_Working data_.
+---+

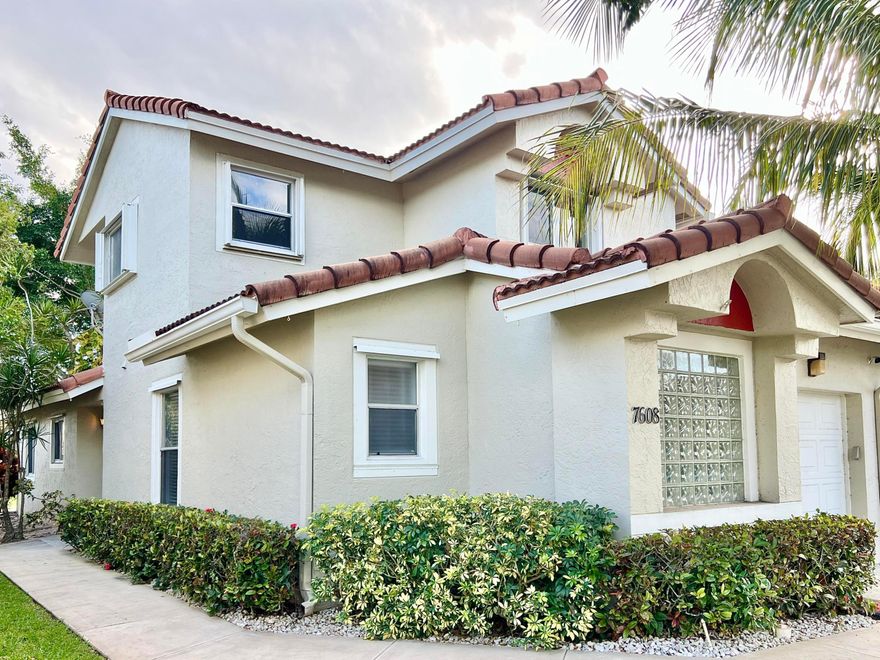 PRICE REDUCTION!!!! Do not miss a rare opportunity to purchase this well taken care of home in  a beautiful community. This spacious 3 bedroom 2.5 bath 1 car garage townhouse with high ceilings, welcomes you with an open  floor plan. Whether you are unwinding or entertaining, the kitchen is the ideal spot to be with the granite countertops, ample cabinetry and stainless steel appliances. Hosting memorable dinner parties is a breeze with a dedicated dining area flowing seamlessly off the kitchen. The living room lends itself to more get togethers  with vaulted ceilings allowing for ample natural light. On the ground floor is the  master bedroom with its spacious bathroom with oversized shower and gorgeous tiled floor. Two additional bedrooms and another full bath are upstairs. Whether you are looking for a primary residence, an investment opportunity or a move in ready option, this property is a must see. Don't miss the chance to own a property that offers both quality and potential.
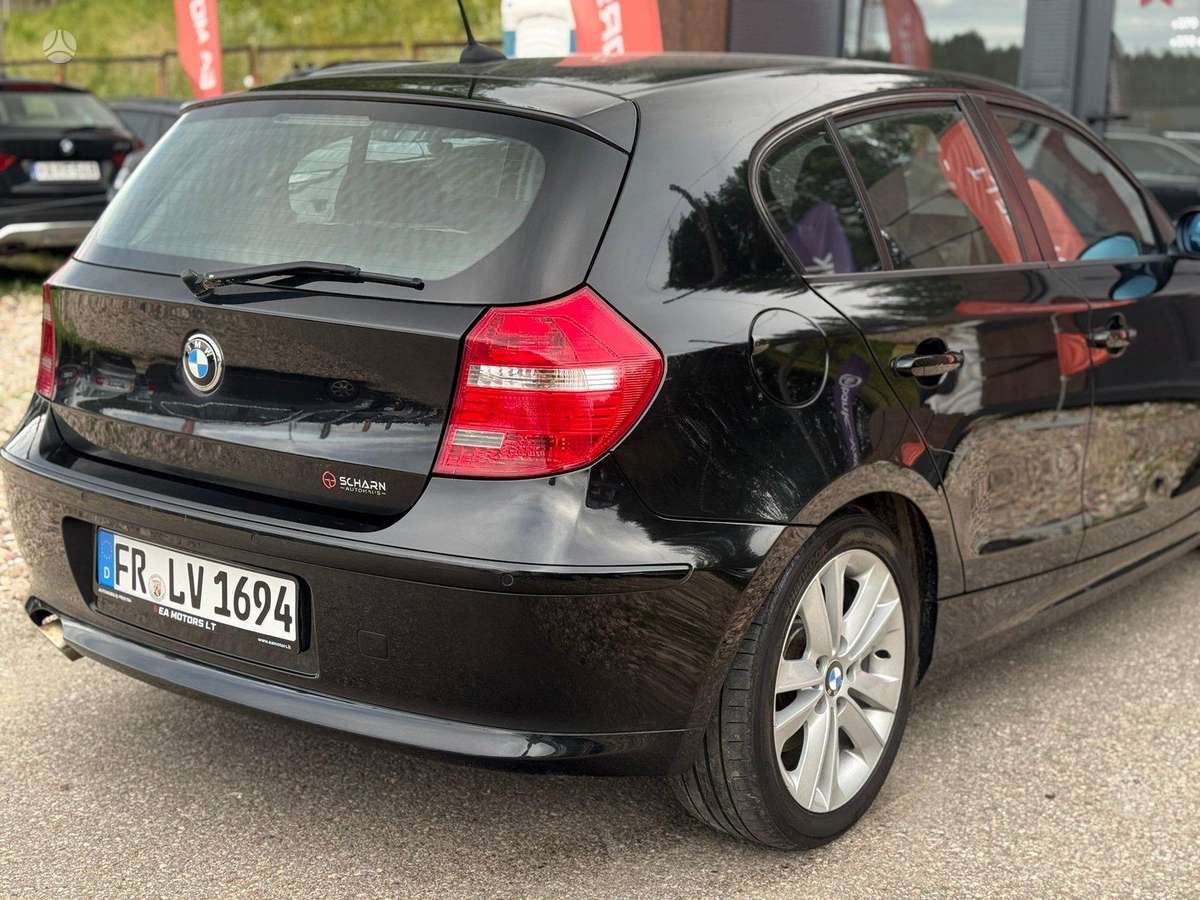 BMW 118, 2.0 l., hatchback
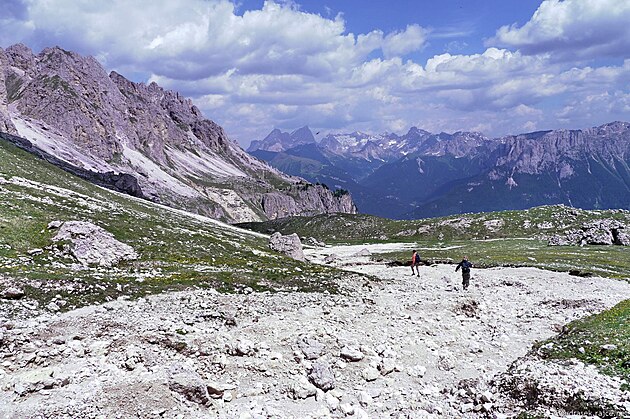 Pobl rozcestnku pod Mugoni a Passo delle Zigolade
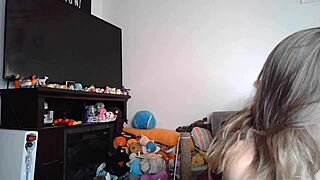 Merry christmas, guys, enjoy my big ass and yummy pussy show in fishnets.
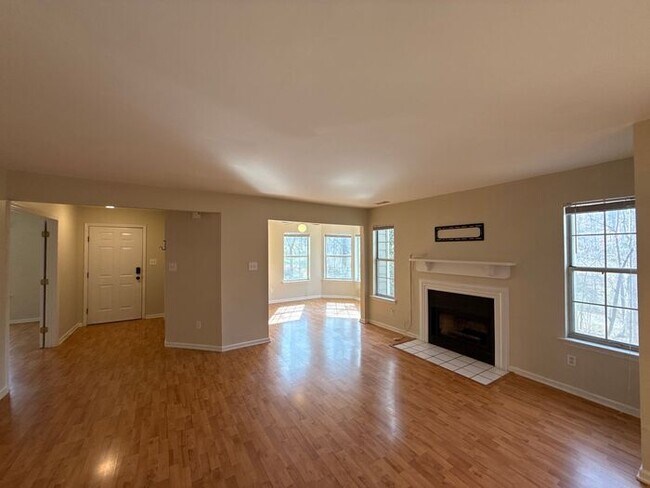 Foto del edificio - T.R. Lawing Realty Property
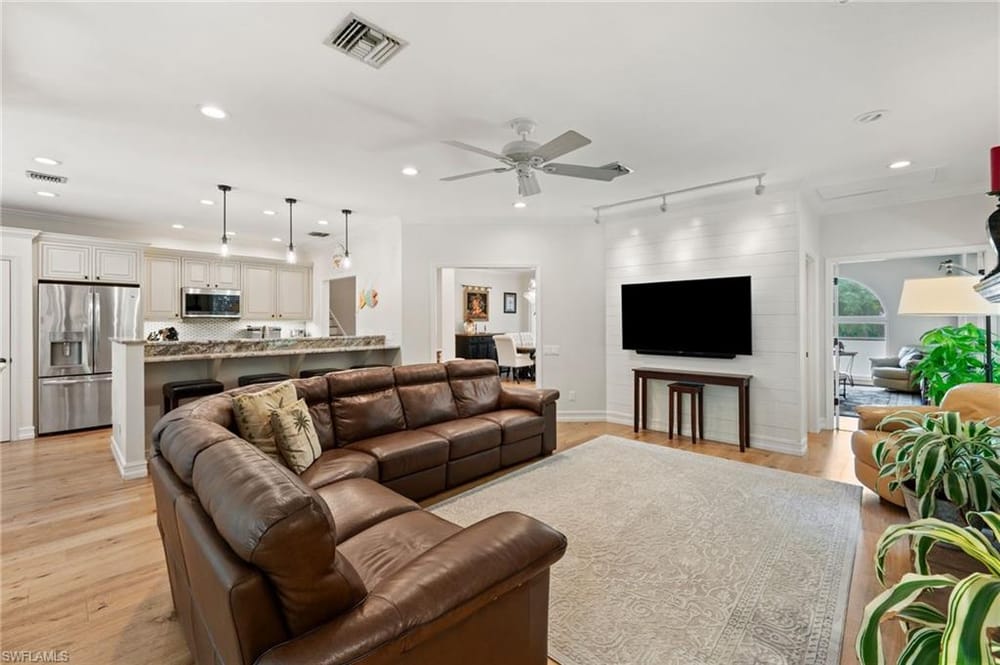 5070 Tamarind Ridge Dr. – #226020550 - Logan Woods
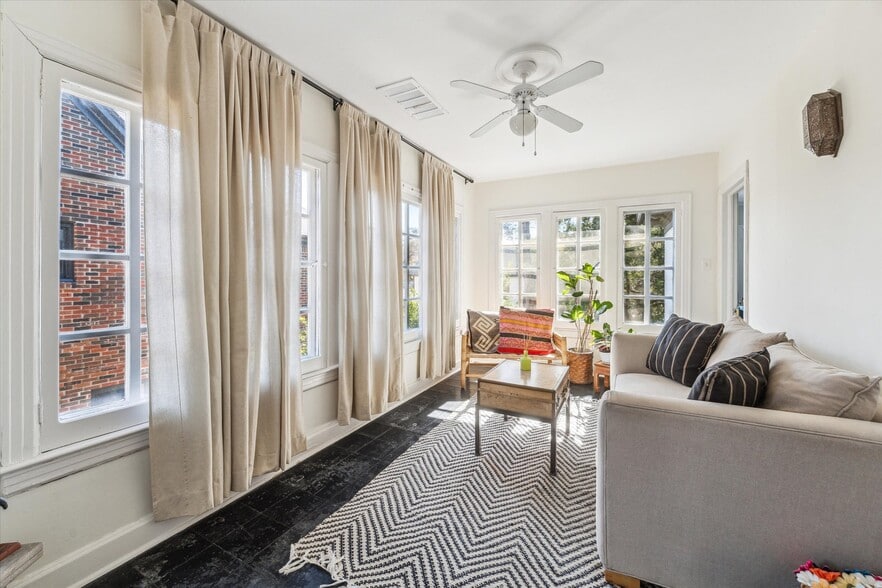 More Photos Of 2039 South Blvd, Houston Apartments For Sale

+---+

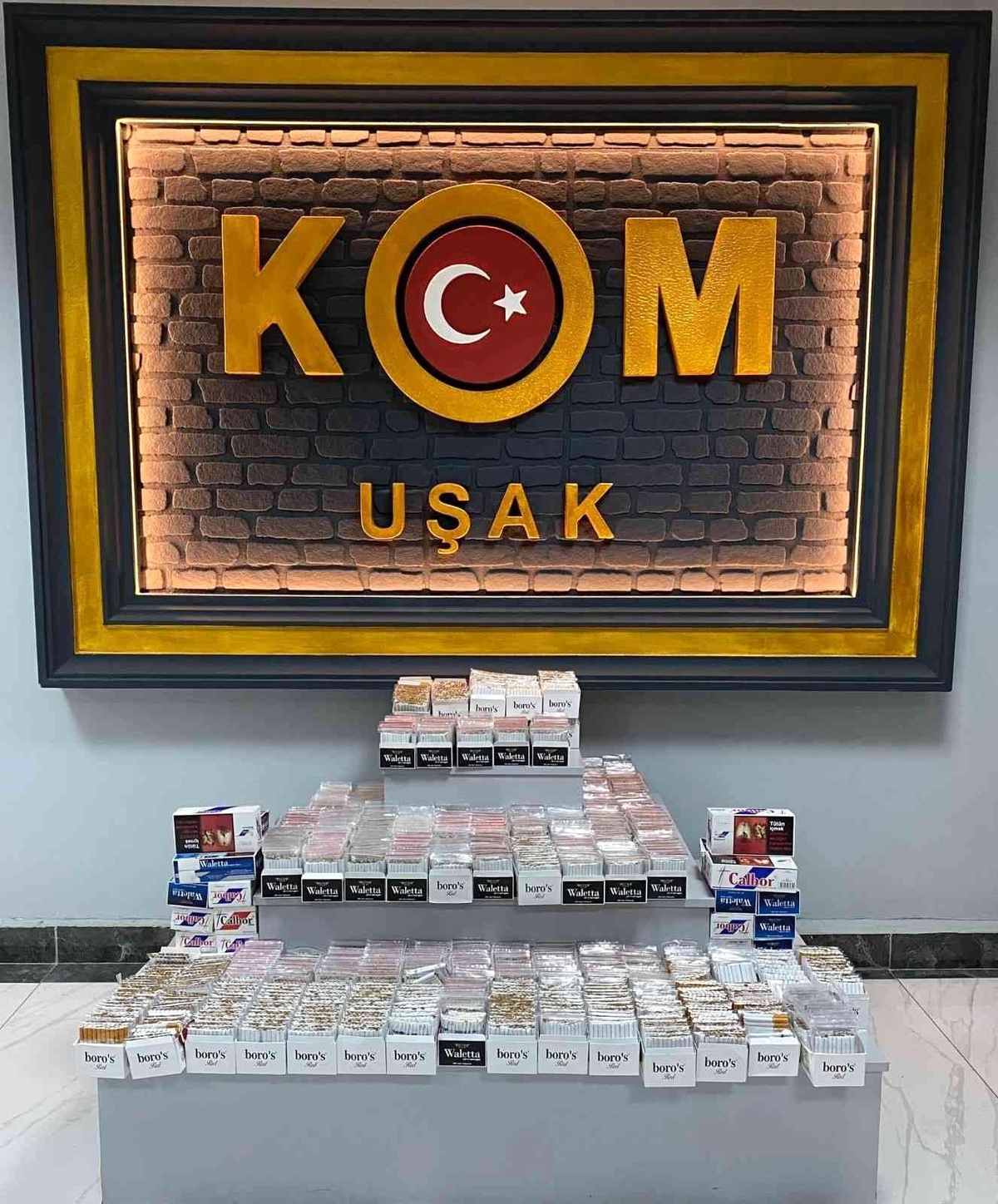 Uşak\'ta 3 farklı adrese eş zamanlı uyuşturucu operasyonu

+---+

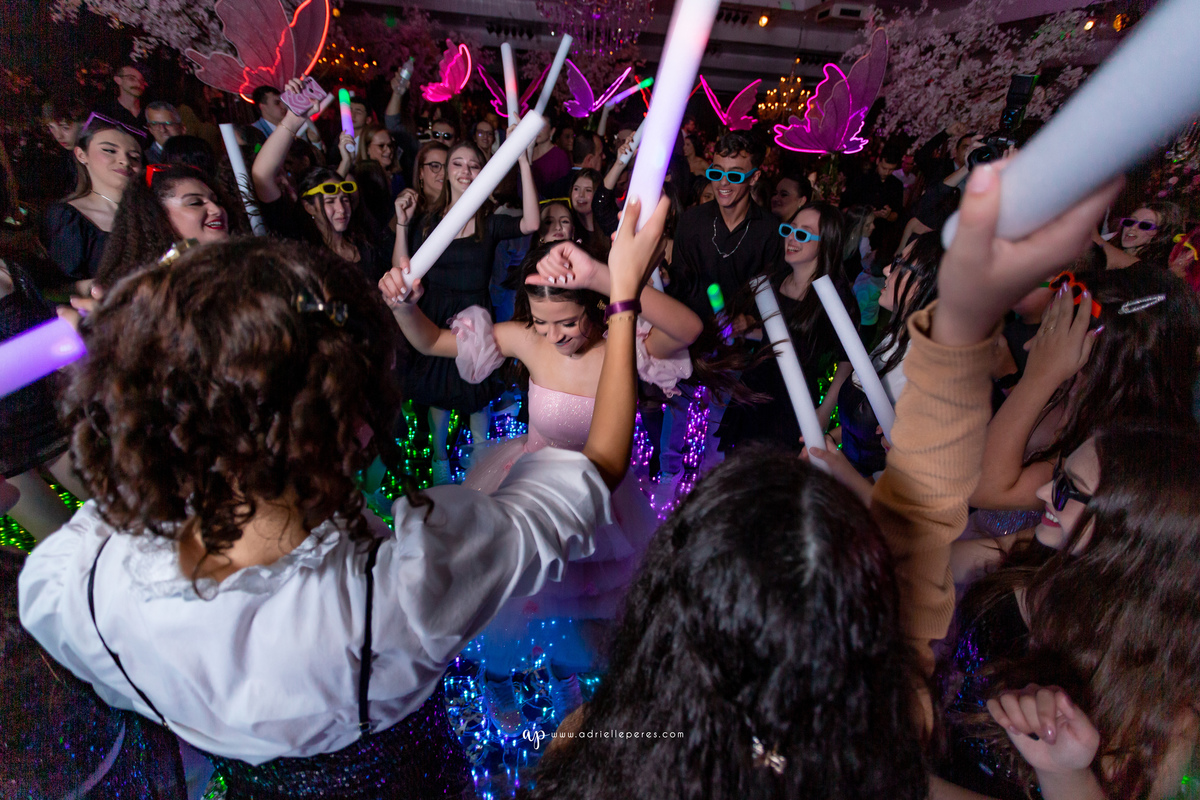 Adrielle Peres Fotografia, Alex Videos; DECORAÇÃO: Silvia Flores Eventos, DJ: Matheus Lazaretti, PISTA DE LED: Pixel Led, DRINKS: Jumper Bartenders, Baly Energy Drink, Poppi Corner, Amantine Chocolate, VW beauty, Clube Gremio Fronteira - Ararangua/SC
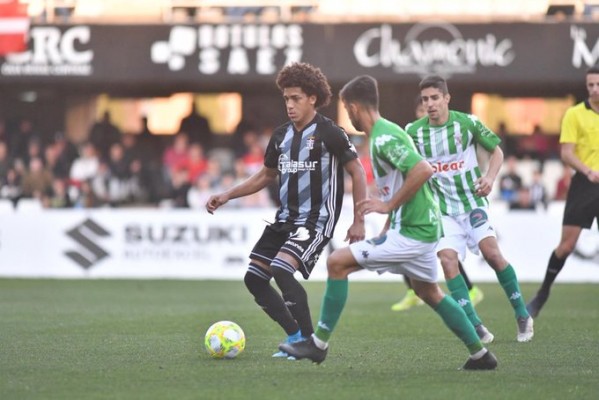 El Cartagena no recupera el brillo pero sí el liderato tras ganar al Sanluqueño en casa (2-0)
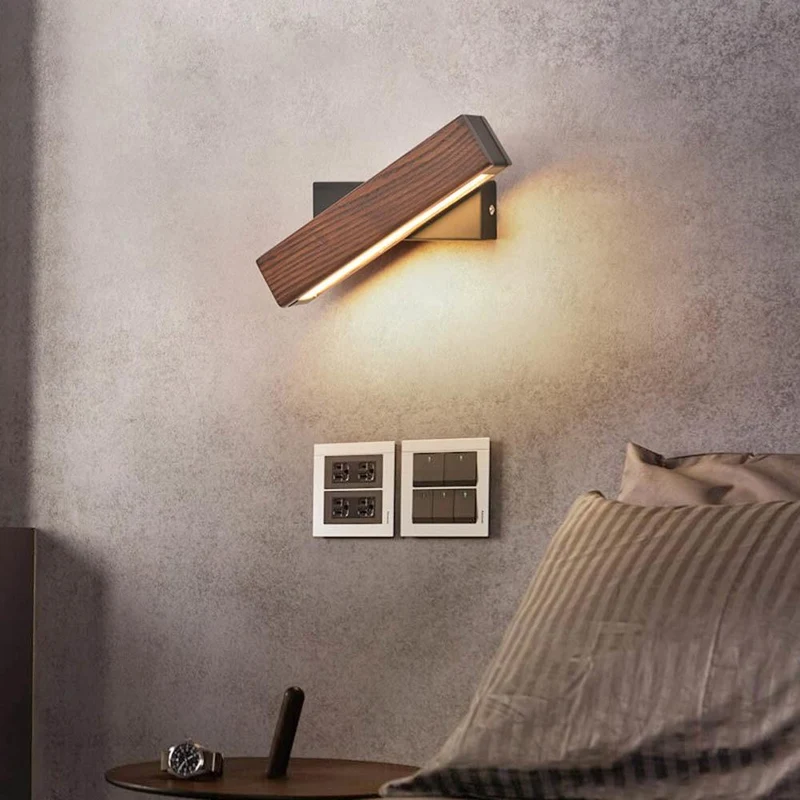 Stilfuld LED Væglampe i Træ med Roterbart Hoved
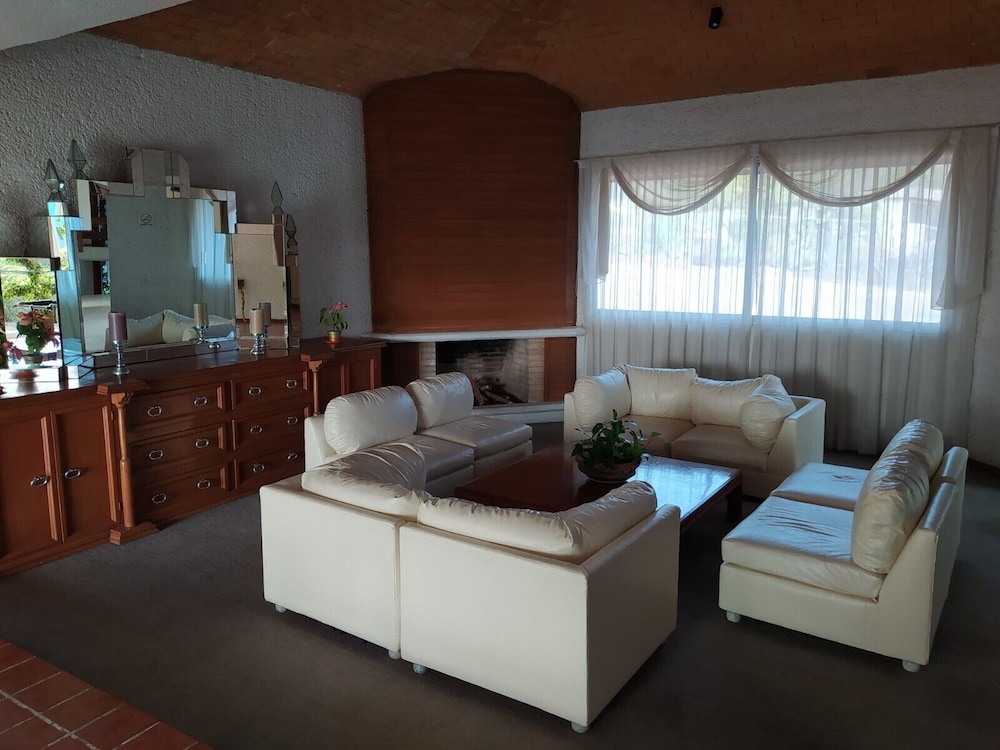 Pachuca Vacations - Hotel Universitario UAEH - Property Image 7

+---+

_Assignment_. Exactly reproduce the lines above, starting at the one that contains "Stilfuld LED Væglampe" and ending at the one that contains "Pachuca Vacations - Hotel", both inclusive; leave the pictures out and add no other lines.

_Answer for the task_.
 Stilfuld LED Væglampe i Træ med Roterbart Hoved
 Pachuca Vacations - Hotel Universitario UAEH - Property Image 7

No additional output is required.